Monday, February 11, 2013

You're Toast. Raytheon's RIOT Has Your Number

Leading U.S. defence contractor, Raytheon, has developed RIOT, the  Rapid Overlay Information Technology software programme that can gather, sort, digest and analyze all your social media telltales.  It can even predict where you'll be and what you'll be doing in the future.

The Guardian recently got their hands on a copy of this Raytheon video describing RIOT



Notice what the reviewer talked about?  RIOT let him know this fellow would be working out in the gym every morning from 6 till 7.   And with that he quipped what better time to get the fellow's laptop or at least access it.  Raytheon's own guy can't talk about RIOT for more than 3-minutes without contemplating how it could be used for a criminal purpose.

The most disturbing aspect to RIOT is how few people are likely to find it disturbing.  If the majority acquiesce to the wholesale surrender of their privacy without a fight, and events of the past decade give no reason to conclude otherwise, then those who wish to protect their privacy will have to fight for it and become ever more vigilant in its defence.

Imagine if a company or a political party or a rival of any sort finds you troublesome, they can track you, analyze you, find out where you go, when and where you're likely to be, identify those whom you contact, their numbers and names and what makes you vulnerable even if you don't know it.

Because I probably haven't said it clearly or eloquently enough, James Ball adds his two shillings worth.

It's easy to believe those with nothing to hide have nothing to fear – and most of us are essentially decent people, with frankly boring social network profiles.
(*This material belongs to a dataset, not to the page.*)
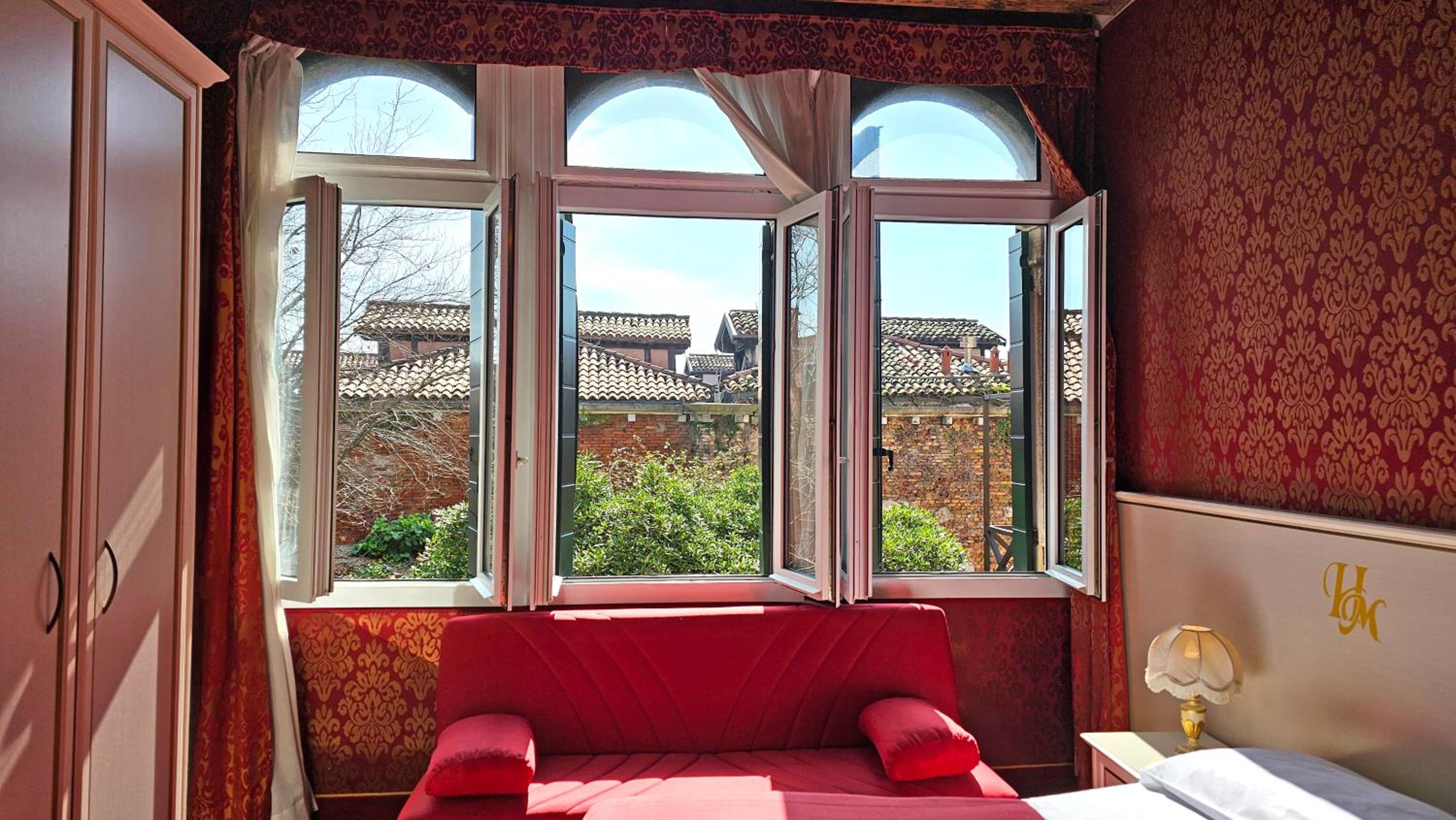Classic Quadruple Room with Private External Bathroom photo 2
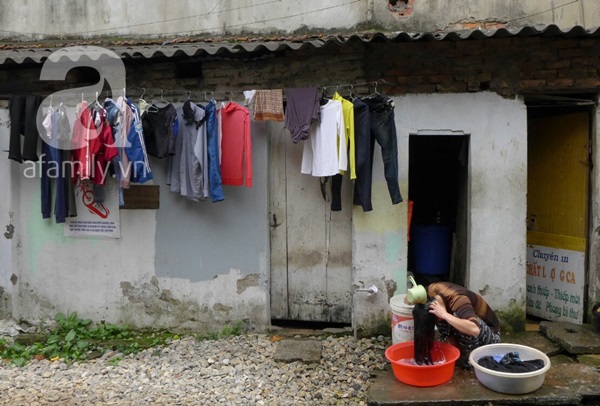 Chùm ảnh: Tận dụng trời nắng, khô, người Hà Nội ào ào phơi quần áo, rửa xe 11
But, of course, to (say) a petty official with a grudge, almost anything is enough: a skive from work, using the wrong bins, anything. Everyone's got something someone could use against them, even if only for a series of annoyances.

It's also tempting to believe that with good privacy settings and tech savvy, we can protect ourselves. Other people might be caught, but we're far too self-aware for that. But stop and think. Do you trust every friend you have to lock their privacy settings down? Your mum? Your grandad? Do they know to strip location data from photos? Not to tag you in public posts? Our privacy relies on the weakest point of each of our networks – and that won't hold.

Surveillance is getting cheaper and easier by the day, which in turn proves almost irresistible – for those with good and bad intentions – to make more use of it.

The only way to prevent such a shift is to group together, raise funds, and lobby hard for real legal safeguards, fast, before the culture shift is irreversible. Anything less is acquiescence.